[jbosscache-dev] JBoss Cache Lucene Directory

Thu Apr 30 05:17:59 EDT 2009

On 29 Apr 2009, at 23:43, Andrew Duckworth wrote:
>> Not quite sure I understand your design - so this distributes the  
>> work
>> objects and each cluster member maintains indexes locally?  If so,  
>> you
>> need to know when all members have processed the work objects before
>> removing these.
>
> The master node processes all work objects written by the slave and  
> then updates the JBCDirectory held in the cache to distribute the  
> index back to all the slave nodes. I think this works well for  
> Hibernate Search for a few reasons:
>
> - On each slave, HB Search will continue to use the shared index  
> reader until the master publishes the next version of the index, so  
> fewer index updates translate into faster searching at the expense  
> of returning slightly out of date data. There is an obvious trade  
> off here of search performance vs accuracy of the index and the  
> current JMS HB Search solution based on file copying works best when  
> the index can be quite out of date without impacting the  
> application.
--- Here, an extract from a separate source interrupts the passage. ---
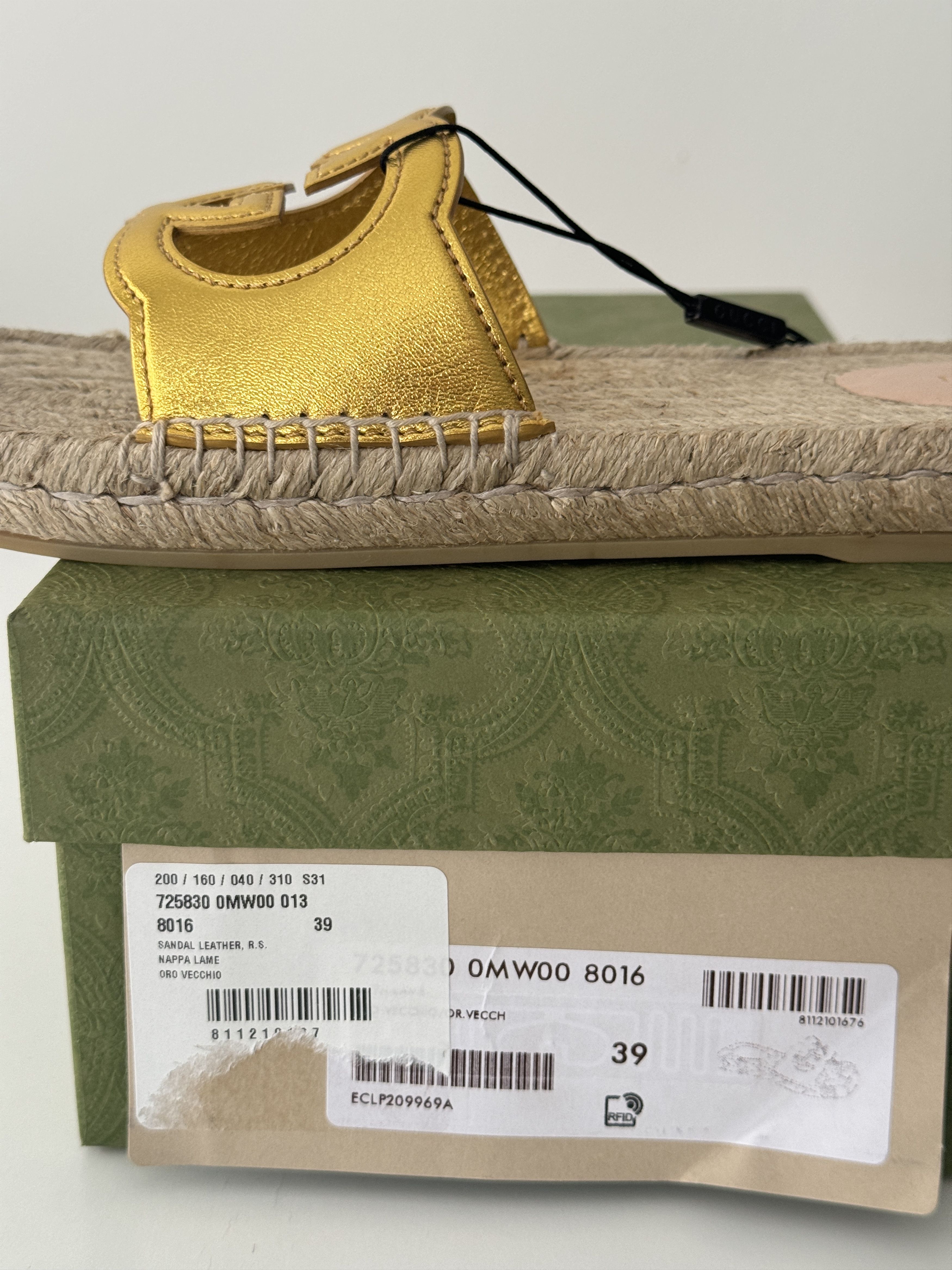 Gucci size 39G - Gucci Espadrille Gold GG cutout slide sandal Size US 9 / IT 39 - 8 Thumbnail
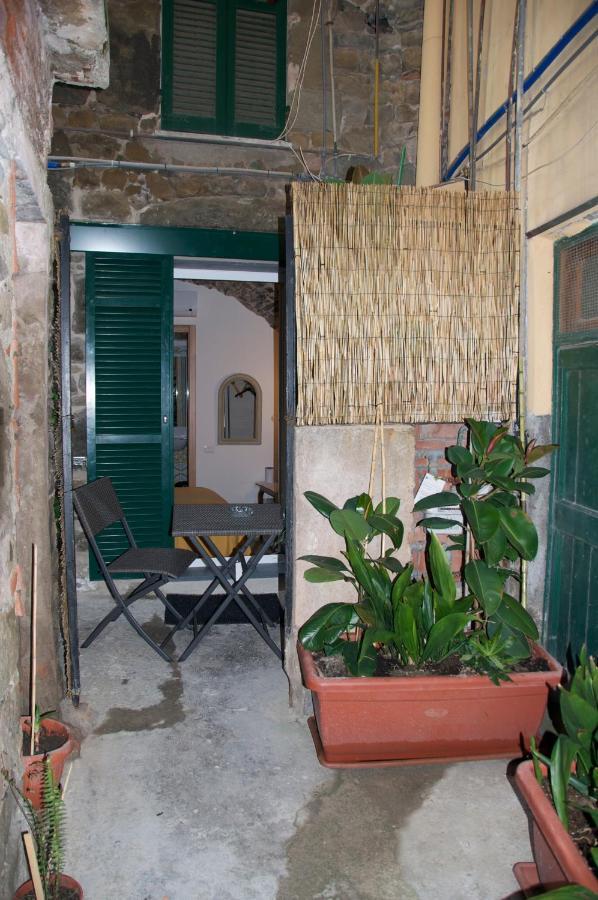 Hotel La Croce Dei Templari - Very Central With Parking - à Riomaggiore Extérieur photo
For our application we'd prefer to have the index up to  
> date within a few seconds of the entity being modified and it's not  
> a requirement that the index be updated as part of the transaction.
>
> - The index updates are batched which means each individual update  
> takes less time due to some of the mechanisms at work inside HB  
> Search and Lucene
>
> - No distributed locking, so slaves are never blocked which provides  
> some limited insurance against one node impacting every other node

Well, as long as the master node completes the work objects, it should  
be fine for it to then remove them.

> One more question, does the JDBCCacheLoader integrate with the cache  
> transaction, i.e. does it create a transaction with equivalent DB  
> updates to the updates being applied to the cache ? For the current  
> JBCDirectory structure, it is important that the parent node is  
> updated in the same transaction as the node holding the file chunk  
> to avoid the index being left in a corrupt state. Does it matter if  
> the  loader is async vs sync ?

The JDBCCL *does* participate in the transaction, but only  
indirectly.  I.e., it does not register with the transaction manager  
directly, but the cache does and the cache propagates prepares and  
commits to the JDBCCL.  So you do have atomicity guarantees there.

Sync and async only apply to non-transactional behaviour with the  
cache loaders.

Cheers
--
Manik Surtani
manik at jboss.org
Lead, Infinispan
Lead, JBoss Cache
http://www.infinispan.org
http://www.jbosscache.org